Dave Grohl, Muriel Bowser Open the Atlantis

Owner Seth Hurwitz cut the guitar string on the new club, which officially opens Tuesday night.

Dave Grohl, Muriel Bowser, and Seth Hurwitz. Photograph by Dan Swartz.

Reports that the new Atlantis club would be an exact replica of the old 9:30 Club weren’t accurate, owner Seth Hurwitz said at a press conference Tuesday: No, it won’t have the original smell. Rats are unlikely to have their run of the place. But, he said, he made a point to install at least one big pole—the impediment to seeing so many shows at the 9:30’s old home on F Street, Northwest.

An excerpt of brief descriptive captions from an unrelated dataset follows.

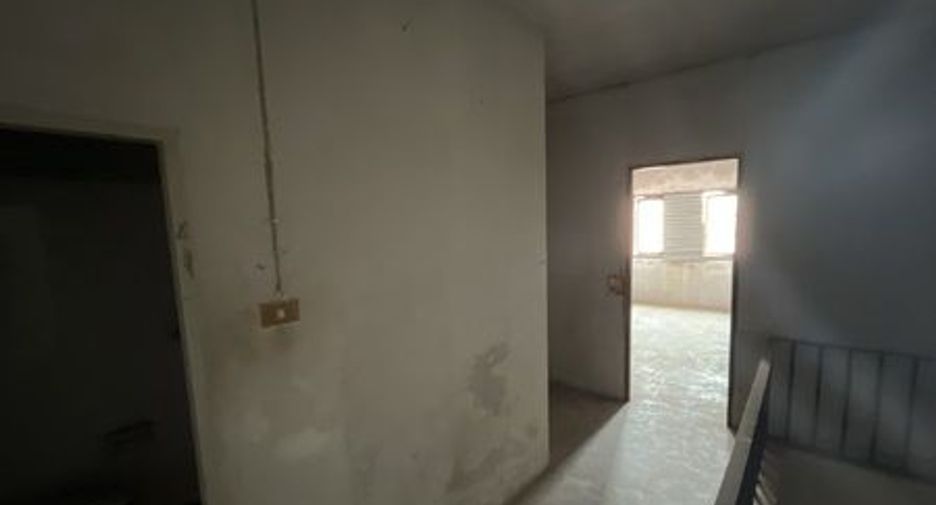 Reihenhaus zum Kauf mit 2 Zimmer in Kaeng Khoi, Saraburi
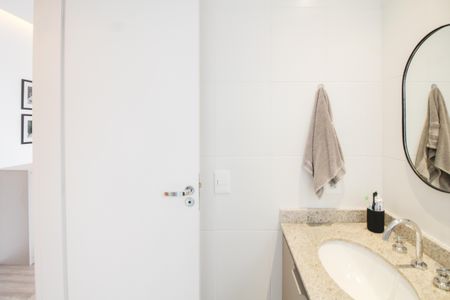 Apartamento à venda com 130m², 3 quartos e 2 vagas Apartamento à venda com 130m², 3 quartos e 2 vagasBanheiro 2 - Quarto Suite 1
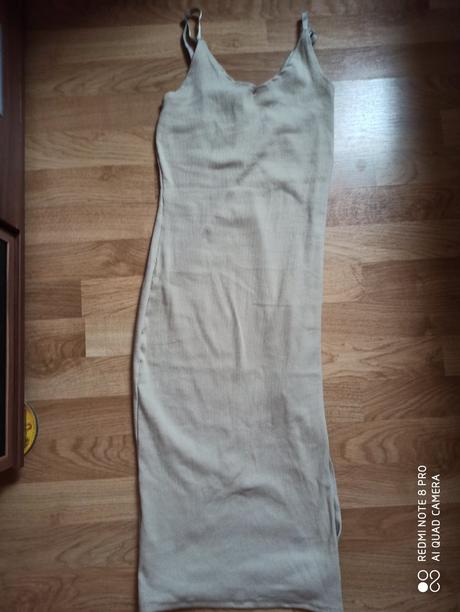 Priliehavé telové šaty, s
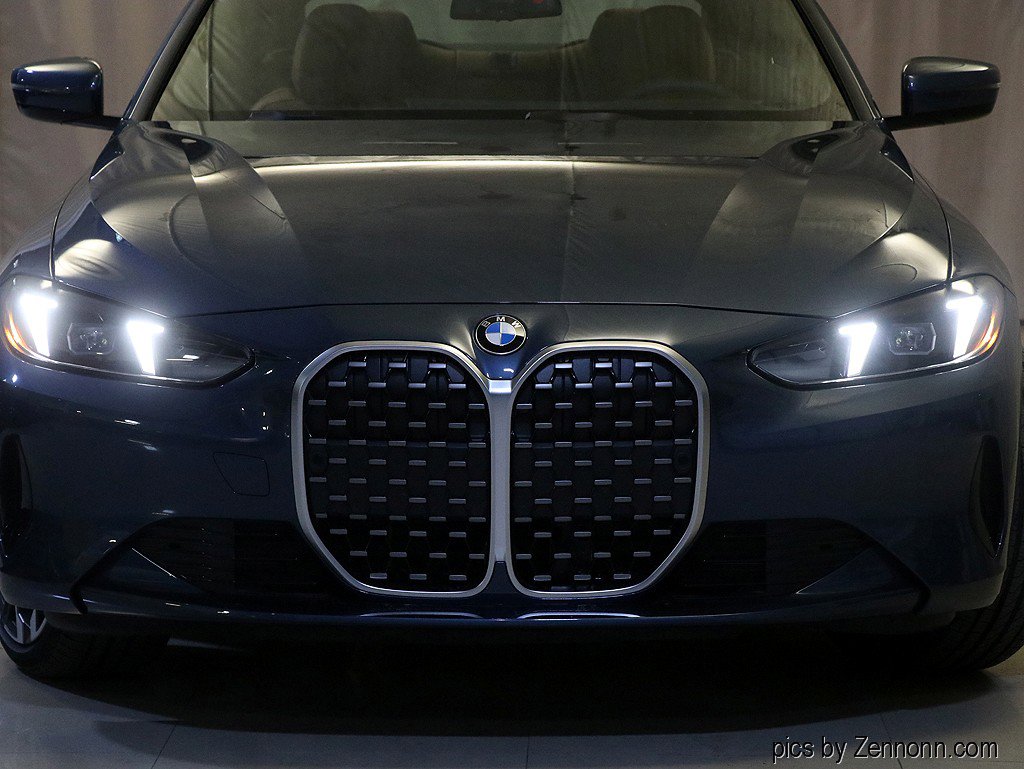 Used 2025 BMW 430i xDrive Coupe w/ Premium Package image 6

Hurwitz, Bowser, Disanto, and Grohl. Photograph by Dan Swartz.

Hurwitz remembered seeing all the “weird people” who frequented that space when he started booking shows there beginning in 1980. “It was truly alternative,” he said. In 1986 Hurwitz’s company I.M.P. bought the club from real estate developer Jon Bowers and his then wife, Dodi Disanto, who said cops used to ask her, “Where did these people come from? Did they crawl out from under rocks?” 

The Atlantis will open behind the 9:30 Club on May 30, 2023, in DC. This is a photo of the old 9:30 Club. Foo Fighters will play the club's first night.
The old club on F Street. Photograph via Library of Congress.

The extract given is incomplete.